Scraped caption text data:

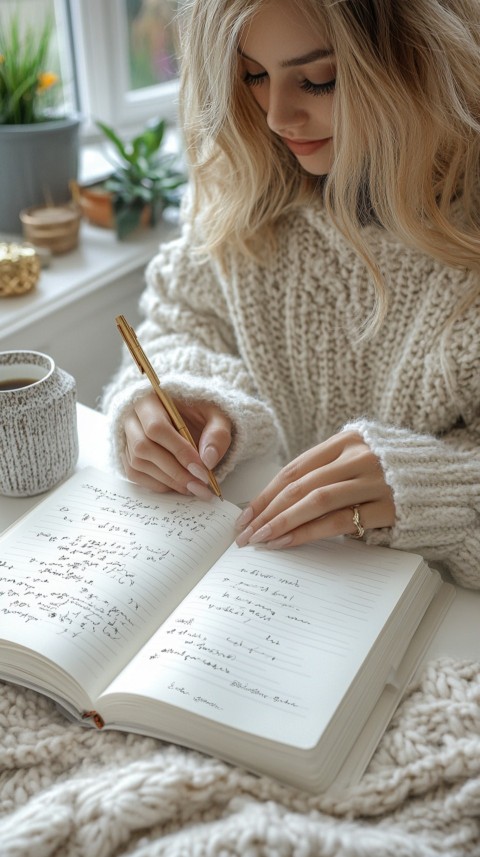 Woman’s Hands Writing on an Open Notebook on a White Desk – Cozy Feminine Blogger Aesthetic (294)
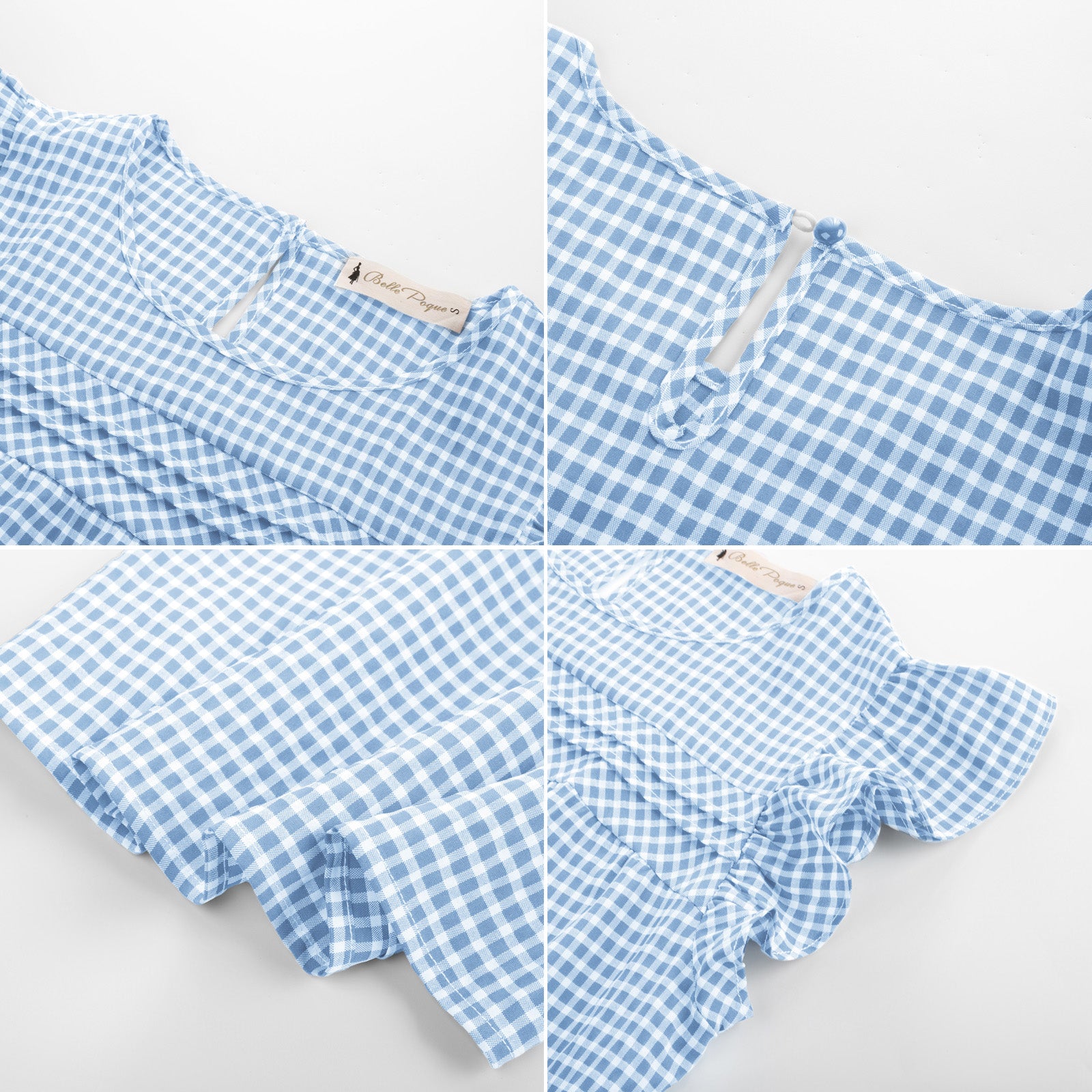 belle poque BP Women Vintage Plaided Tops Flutter Sleeve Crew Neck Keyhole Back Tops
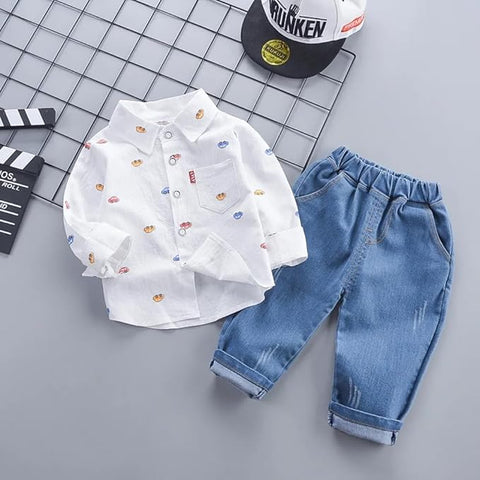 Kids Cotton Crazy Car Print Shirt & Jeans Set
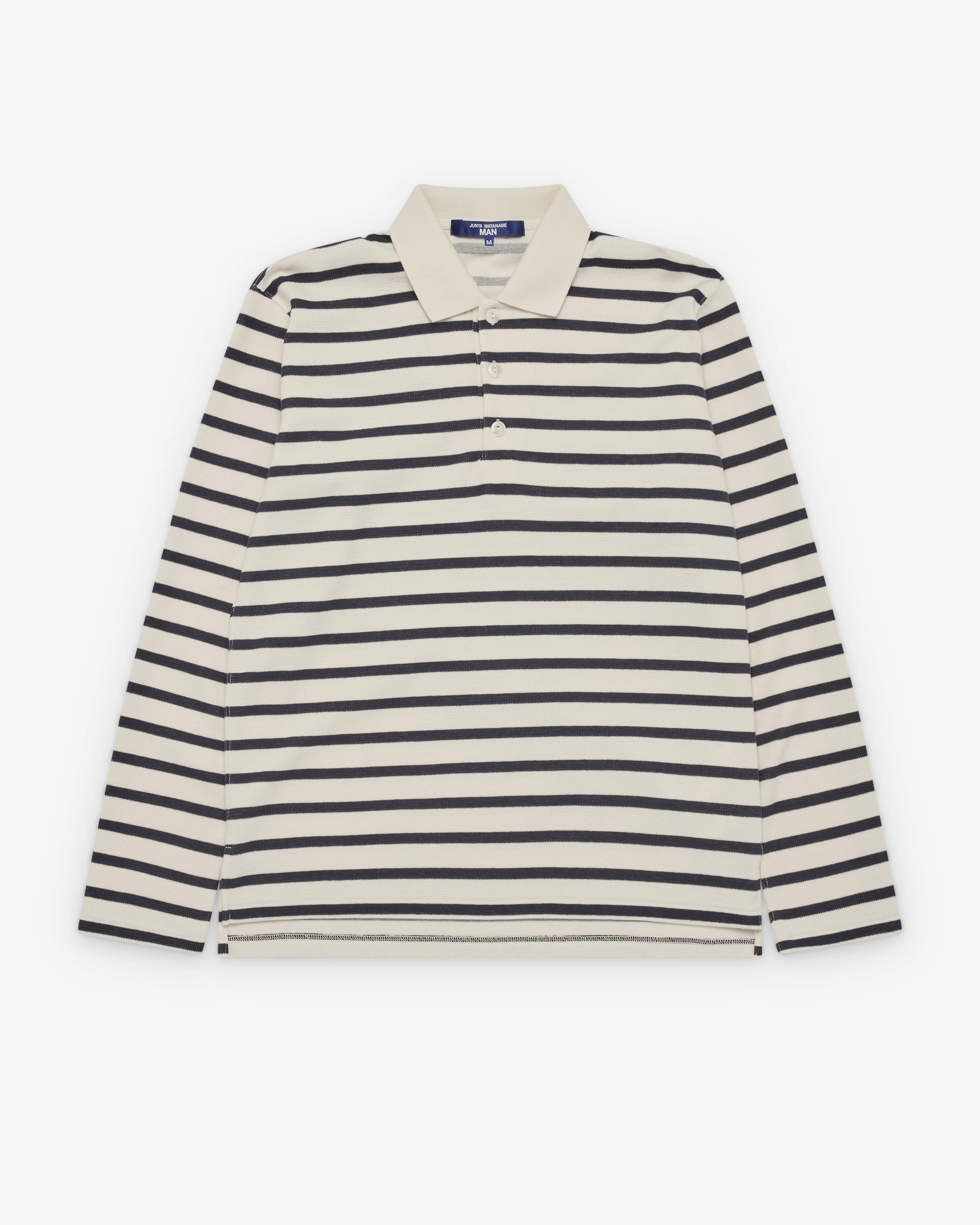 Junya Watanabe Man - Men's Striped Long Sleeve Polo - (Natural/Navy)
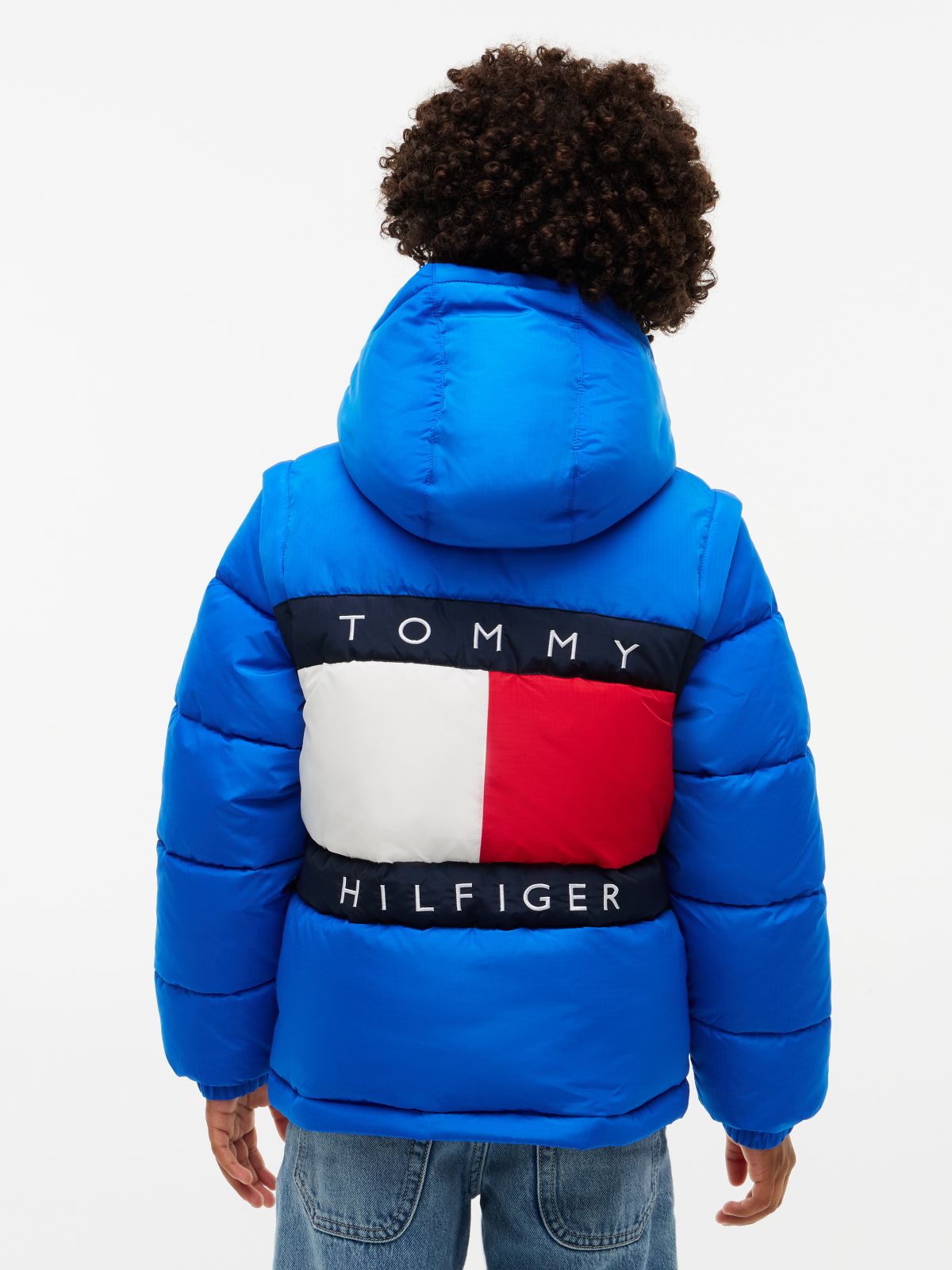 Kids' Classic Badge Logo Hooded Puffer — Vibrant Blue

◆ BRIEF:
In your copy, restate the data above word for word but leave out any picture.

◆ FINISHED TASK:
 Woman’s Hands Writing on an Open Notebook on a White Desk – Cozy Feminine Blogger Aesthetic (294)
 belle poque BP Women Vintage Plaided Tops Flutter Sleeve Crew Neck Keyhole Back Tops
 Kids Cotton Crazy Car Print Shirt & Jeans Set
 Junya Watanabe Man - Men's Striped Long Sleeve Polo - (Natural/Navy)
 Kids' Classic Badge Logo Hooded Puffer — Vibrant Blue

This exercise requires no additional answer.